To state the obvious one first: Just calculate the probabilities the straightforward way. This requires no advanced thinking and as long as you just slavishly follow the rules, you'll reach the correct conclusion.
If you don't follow that path, the point of all explanations is to counter the wrong intuition that the last step is an independent new choice.
One way is that if you chose from the beginning to keep your first choice, then of course the probability of winning cannot depend on whether the quiz master opens another door first (and we know in advance that behind that door there will be a goat). So the probability of winning when not changing is the probability of choosing right the first time, which is $1/3$. The probability of winning when changing therefore has to be $2/3$, because you know that the prize is behind one of the doors.
Another way is to note that if you have chosen the wrong door from the beginning, the show master actually has no choice of which door to open. Therefore he gives you the additional information: "If you have chosen wrong, that other door I didn't open contains the price." Again, the probability that you've chosen right is $1/3$, and therefore the probability that the other door contains the prize is $2/3$.
Also note that it is important that the quiz master always opening the empty door is part of the game. To see that, assume the other extreme: The stingy show master who opens the prize door whenever possible, in order to avoid the candidate winning the price. In that case, it's obvious to everyone that if he opens a goat door, the best strategy is not to change, because if one hadn't chosen right from the beginning, he certainly would have opened the prize door instead.

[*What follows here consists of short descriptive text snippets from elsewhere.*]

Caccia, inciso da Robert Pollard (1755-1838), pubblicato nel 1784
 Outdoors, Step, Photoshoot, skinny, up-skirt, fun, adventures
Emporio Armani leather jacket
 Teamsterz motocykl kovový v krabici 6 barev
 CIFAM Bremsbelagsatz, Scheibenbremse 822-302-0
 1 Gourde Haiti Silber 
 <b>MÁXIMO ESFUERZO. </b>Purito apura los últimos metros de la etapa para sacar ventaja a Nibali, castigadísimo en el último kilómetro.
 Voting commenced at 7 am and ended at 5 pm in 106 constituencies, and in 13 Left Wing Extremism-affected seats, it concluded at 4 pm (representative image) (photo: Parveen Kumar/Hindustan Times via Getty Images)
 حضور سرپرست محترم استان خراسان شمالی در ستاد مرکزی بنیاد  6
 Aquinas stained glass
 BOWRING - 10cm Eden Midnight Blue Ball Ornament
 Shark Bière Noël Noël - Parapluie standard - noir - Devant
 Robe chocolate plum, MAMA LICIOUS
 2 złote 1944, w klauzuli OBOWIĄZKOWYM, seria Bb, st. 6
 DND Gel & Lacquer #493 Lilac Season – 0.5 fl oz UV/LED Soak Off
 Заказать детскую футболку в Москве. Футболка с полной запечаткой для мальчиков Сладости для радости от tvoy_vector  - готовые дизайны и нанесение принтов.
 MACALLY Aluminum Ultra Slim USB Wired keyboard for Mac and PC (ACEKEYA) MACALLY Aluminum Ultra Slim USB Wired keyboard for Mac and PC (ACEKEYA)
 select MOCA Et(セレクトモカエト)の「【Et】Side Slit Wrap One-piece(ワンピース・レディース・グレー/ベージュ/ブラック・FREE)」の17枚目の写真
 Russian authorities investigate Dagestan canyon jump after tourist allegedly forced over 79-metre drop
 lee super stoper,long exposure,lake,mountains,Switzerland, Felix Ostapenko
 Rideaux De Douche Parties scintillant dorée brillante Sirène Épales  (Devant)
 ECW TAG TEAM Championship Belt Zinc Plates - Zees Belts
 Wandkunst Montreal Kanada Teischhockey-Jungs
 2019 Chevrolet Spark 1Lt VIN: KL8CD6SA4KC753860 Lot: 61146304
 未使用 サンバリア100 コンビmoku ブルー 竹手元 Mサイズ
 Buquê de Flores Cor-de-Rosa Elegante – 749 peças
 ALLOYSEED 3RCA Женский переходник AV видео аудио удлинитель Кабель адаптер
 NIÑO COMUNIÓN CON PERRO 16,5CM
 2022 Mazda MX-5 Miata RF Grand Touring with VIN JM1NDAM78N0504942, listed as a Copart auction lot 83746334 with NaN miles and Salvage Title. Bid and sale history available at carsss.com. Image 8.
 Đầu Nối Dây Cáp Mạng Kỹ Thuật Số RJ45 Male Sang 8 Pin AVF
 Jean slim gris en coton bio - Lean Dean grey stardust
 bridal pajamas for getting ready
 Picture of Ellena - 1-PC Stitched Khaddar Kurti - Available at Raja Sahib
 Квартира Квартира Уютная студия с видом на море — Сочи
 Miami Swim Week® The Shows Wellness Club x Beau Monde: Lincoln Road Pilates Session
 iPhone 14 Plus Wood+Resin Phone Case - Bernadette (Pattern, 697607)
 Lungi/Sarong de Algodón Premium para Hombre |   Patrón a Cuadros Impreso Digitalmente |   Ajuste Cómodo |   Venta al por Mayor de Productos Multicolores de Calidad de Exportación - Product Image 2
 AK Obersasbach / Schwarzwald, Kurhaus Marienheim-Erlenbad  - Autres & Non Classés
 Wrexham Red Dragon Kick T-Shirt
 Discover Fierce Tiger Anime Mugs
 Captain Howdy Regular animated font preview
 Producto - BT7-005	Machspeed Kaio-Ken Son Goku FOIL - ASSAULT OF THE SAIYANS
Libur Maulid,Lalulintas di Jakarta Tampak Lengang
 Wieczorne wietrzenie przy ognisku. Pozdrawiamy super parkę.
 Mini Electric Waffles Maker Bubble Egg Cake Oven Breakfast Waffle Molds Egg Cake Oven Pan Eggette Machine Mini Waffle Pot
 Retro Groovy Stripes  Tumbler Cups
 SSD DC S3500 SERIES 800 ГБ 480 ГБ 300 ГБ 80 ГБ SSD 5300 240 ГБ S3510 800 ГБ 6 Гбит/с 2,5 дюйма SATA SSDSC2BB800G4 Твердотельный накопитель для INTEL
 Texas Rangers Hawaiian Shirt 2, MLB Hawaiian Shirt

This demonstrates clearly that the second choice is clearly affected by the strategy of the quiz master, and therefore argues against the notion that you have to have a probability of $1/2$ for each choice afterwards; of course that argument doesn't provide you with the actual probabilities of the original problem, but it at least makes it plausible that just like the quiz master favouring the prize door makes it more profitable not to change, the quiz master favouring goat doors makes it more profitable to change.